The music of The Beatles is amongst the most strictly controlled in all of popular music. Their CDs have been carefully matched to their albums, despite the fact that a CD can hold more songs than a long playing album. No bonus tracks - only two "new" cds. They have refused to have their songs used as "partner songs" or parts of an arrangement mixing other songs with their tunes. They famously have not allowed their music to be used in advertisements. Those that have appeared in ads are part of the historic sale of the assets of Northern Songs, a company created to control the publishing rights for the Lennon and McCartney songs. When The Beatles formed Apple Crops, they wanted to pull the publishing for all of their songs into their core business, so Northern Songs had to be dissolved. Unfortunately, the closed bid auction had an unknown party enter. This unknown party won the auction, much to the chagrin of Lennon and McCartney and was revealed to be none other than Michael Jackson. That means that every time Paul gets out the acoustic guitar at the end of the concert, sits on the stool and sings Yesterday, Michael Jackson gets paid.

The publishing rights are the real earners of the music business. Sure, CD sales are important the first few years, but over the duration of the copyright, (there's that word again), publishing royalties are paid every time the song is performed in any medium in any location in the world. They may only be a few pence, but think how many times a song is played on the radio, in an elevator or on the television. Yes, that was every where in the world. In every elevator. Any radio station. Now we add "sold as a digital download".

The Beatles also have never allowed their music to be sold for digital download. the songs may have appeared in peer-to-peer networks or torrents, but those instances are due to individuals sharing their private collections. The record labels have tried to find a way to control this illegal duplication and distribution of copyright material. In the US, the Recording Industry Association of America (RIAA) has sued people it has identified from subpoenas served on Internet service providers.

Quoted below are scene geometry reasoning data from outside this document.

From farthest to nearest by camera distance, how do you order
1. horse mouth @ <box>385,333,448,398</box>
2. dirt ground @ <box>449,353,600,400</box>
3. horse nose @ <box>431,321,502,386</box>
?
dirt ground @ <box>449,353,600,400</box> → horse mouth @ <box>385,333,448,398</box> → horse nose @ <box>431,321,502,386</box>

These people were accused of sharing thousands of songs. Doesn't sound like much, but two or three cents times a thousand songs shared with a thousand people makes for a significant piece of change. If a million people are sharing a thousand songs with a million people, it is a very significant piece of change.

If the iTunes Store becomes the sole provider of The Beatles music, both companies believe the revenue will be unbelievable. Rumour has it that there may be a Beatles iPod, preloaded with their songs and a special design just as Apple introduced a special edition U2 iPod. Apple Inc. has had tremendous success with the iPod and the iTunes store. Record companies like the fact that the music has a digital rights management system (DRM) that actually works. They thought they would have a better experience with the Microsoft produced Zune, but were disappointed to find that the DRM system that was guaranteed to play didn't play on the new device. The record industry has been pushing Apple to allow different prices for the songs on iTunes and were pleased that Microsoft allowed variable pricing. Sadly, the Zune store requires advance payment and money is converted into "Zune Points" potentially confusing the purchasing public.

Our digital future burns bright. High quality recording becomes more affordable, the hardware becomes more greater in capacity and smaller in physical size. With the iPhone, the 3G phone and other multifunction devices we are entering the age of convergent technology. All our individual devices will become multipurpose devices. Look at the development of the personal computer - it is no longer enough that it performs calculations quickly - it must now manage our addresses, music libraries, video files, communications and more.

The past thirty years have been a wild ride, but the ride is just beginning. In the words of The Beatles, "You've got to admit it's getting better." Hold on to your hats - it's going to be fun!